A vida segue. Vejo a menina levar-se por outros caprichos. Nem uma vez sequer preocupa-se em gastar seu tempo para saber de meu amigo. Perceba o leitor que também minhas apreensões sofrem uma brusca interrupção. Dos clarões que se abriam à minha frente, dos caminhos que me levariam a saber de novos sentidos para a vida, resta-me apenas a incerteza.
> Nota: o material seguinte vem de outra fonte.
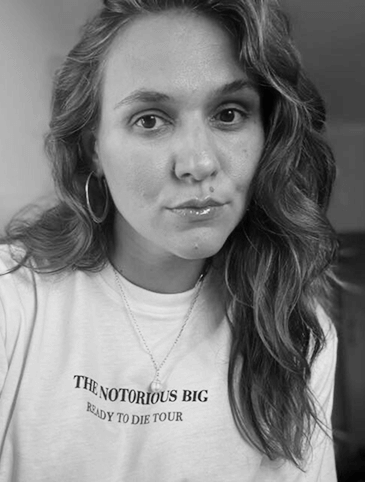 Black-and-white portrait of a woman with wavy hair wearing hoop earrings and a t-shirt reading 'The Notorious BIG Ready to Die Tour'.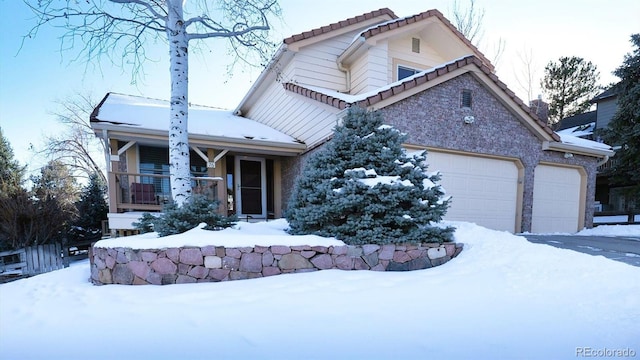 view of front facade with a garage and a porch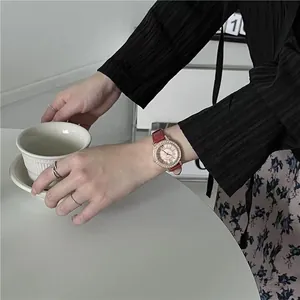 Detail of elegant women's watch with red leather strap and rhinestone bezel on wrist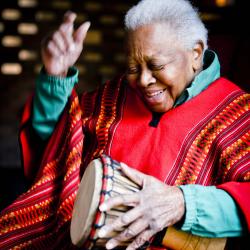 An older woman sits playing a talking drum. She is wearing brightly colored clothing and smiling as she gets ready to strike the drum again in song.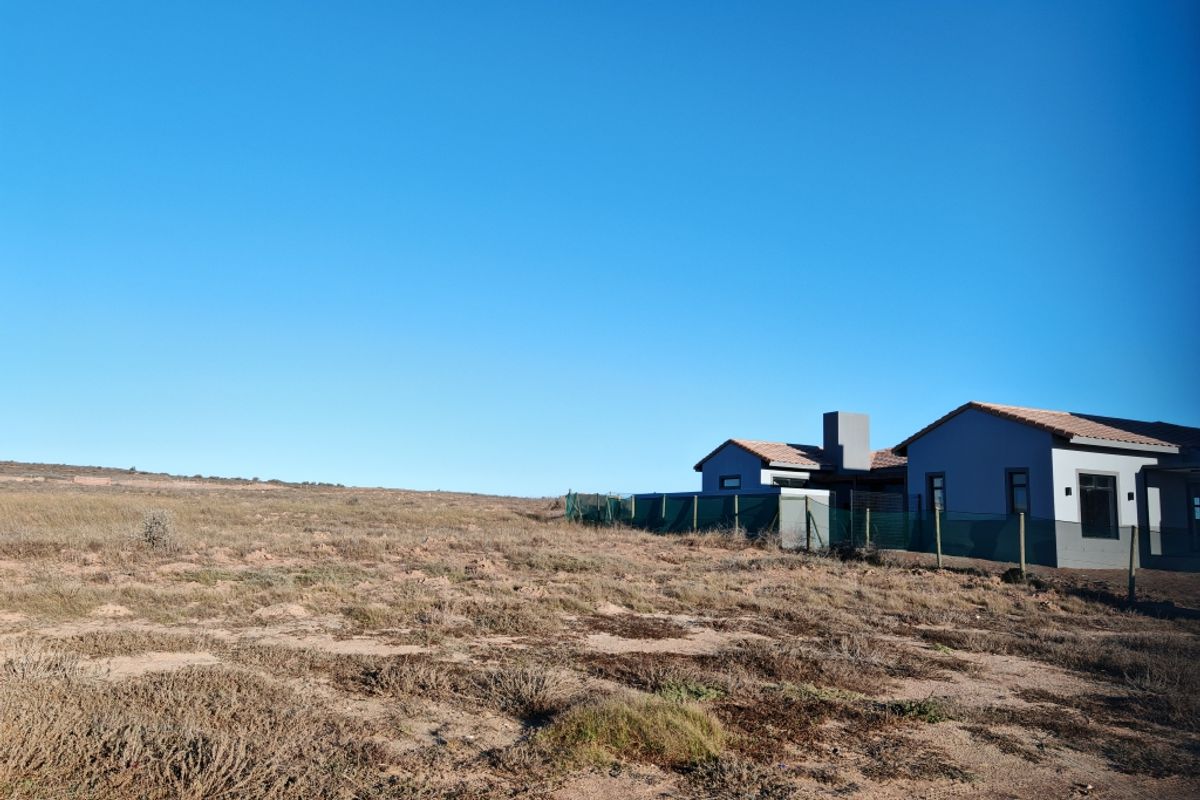 Secure Estate Living with Coastal Appeal - Photo 2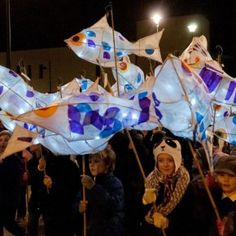 a group of people holding kites in the shape of fish with lights on them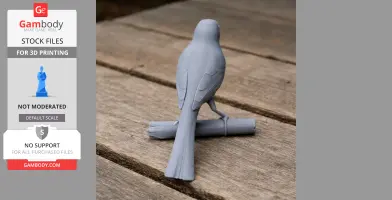 A 3D printed model of a bird perched on a branch, viewed from behind, on a wooden surface.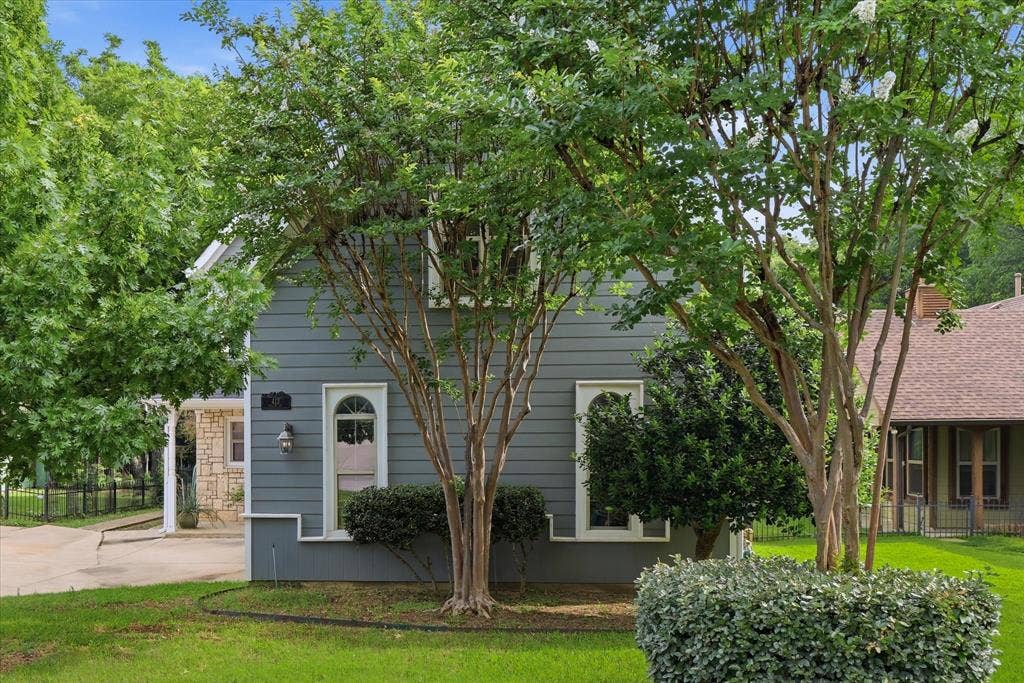 413 Collins Street, Argyle, TX 76226 Exterior featuring grey horizontal siding, arched entry doors, white trim, and a manicured lawn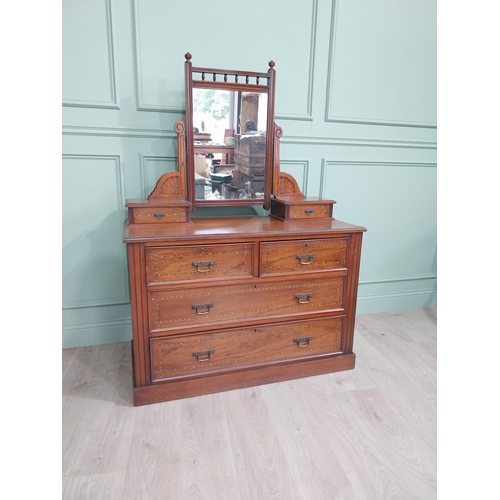 23 - Edwardian walnut washstand with mirrored back and two short drawers over the long drawers {136 cm H ... 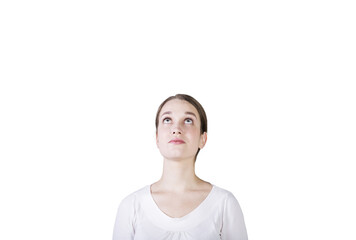 Poster - A woman in a white shirt gazes upward with a thoughtful expression, isolated on a white background. Concept of curiosity, thinking, or inspiration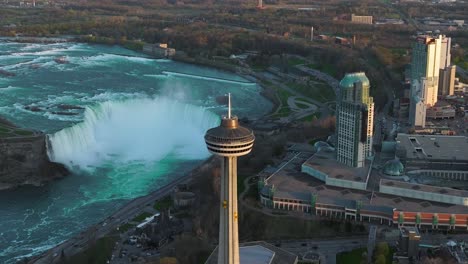 Niagara-falls-from-Canada-side-with-observation-tower-during-sunset,-Drone-orbiting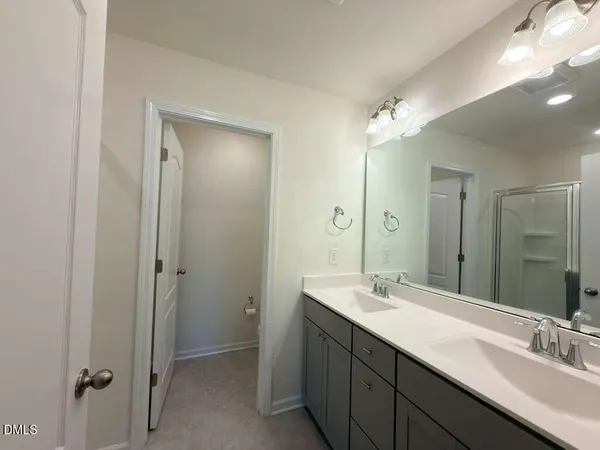 a bathroom with a double vanity sink mirror and shower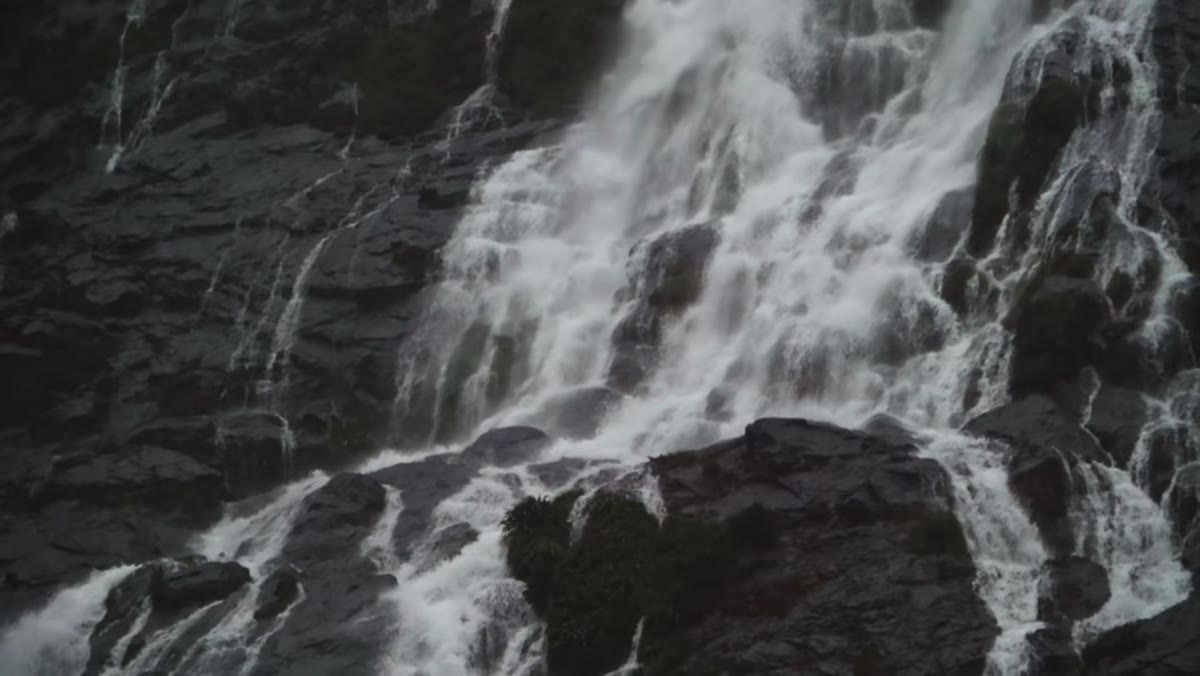 Telephoto lens compressing rain-soaked cliffs and waterfall distance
Acho-me só em meio às tardezinhas. Como escreveu Antônio Maria, “só se está só ou acompanhado dentro de si mesmo”. Sim, é verdade! Tantos em redor e tão sem ninguém eu me via! Então, por necessidade, vou ao encontro de nosso Romeu. Quando o vejo, é como se me acudissem cavaleiros prontos a tirar de meu lombo as cangalhas. Um princípio de conforto toma-me ao vê-lo sorridente. Mas tão veloz quanto chega é assim que se vai essa sensação. Sua expressão, como aquela à qual já me referi antes, passa a intimidar-me. Sobra-me ainda uma pausa para temer tal sentimento, origem de minhas expectativas sobre o que eu queria conhecer talvez antes mesmo que me fosse possível o acesso. Ainda é meio da tarde e só agora, sob as queixas reservadas da mãe, é que Romeu deixa os lençóis. Apressa-se a contar-me do que se passa em suas madrugadas, e o que se passa agora estende-se também às manhãs e, como quer ele, também haverá de as tardes concederem os sonhos de seus desejos.
A menina, conta-me Romeu, visita-o em tais sonhos como numa verdade que se confirma todas as noites. Admira-se, mesmo ele, com a certeza de que ao dormir irá ao encontro dela. Quantos amores! E quanta fé! Por vezes, extasiado, expressão misteriosa, aperta-me os ombros com os dois braços estendidos a confiar-me este segredo: estão para se casar. De seus olhos, caem lágrimas que me fazem estremecer. Sua felicidade é assustadora, mete medo. Cuidadoso, pede-me para sair. Voltará à cama agora mesmo. Não importa mais a hora, mais nada conta. Seu mundo encerra-se nos sonhos. São eles sua realidade. Lá está o que não encontra aqui fora. Pela porta entreaberta, vejo-o deitar-se. Uma expressão serena cola-se em sua face. Estas palavras de Cecília Meireles eu ainda não conhecia, mas hoje, ao lembrar-me disso tudo, não posso deixar de escrevê-las: "Liberdade, essa palavra que o sonho humano alimenta que não há ninguém que explique e ninguém que não entenda”. Naquele instante, Romeu liberta-se de todos os sofrimentos que aos poucos lhe sugam a vida e mergulha em profundezas das quais ainda não temos notícias. Lá está ele, do mesmo jeito, ainda anos depois, como havia sido informado ao leitor no início deste relato. Nosso herói, revelou-me antes de dormir, partiu para amar.
E naquela casa triste, onde todos velam um sono desconhecido, habita um homem feliz.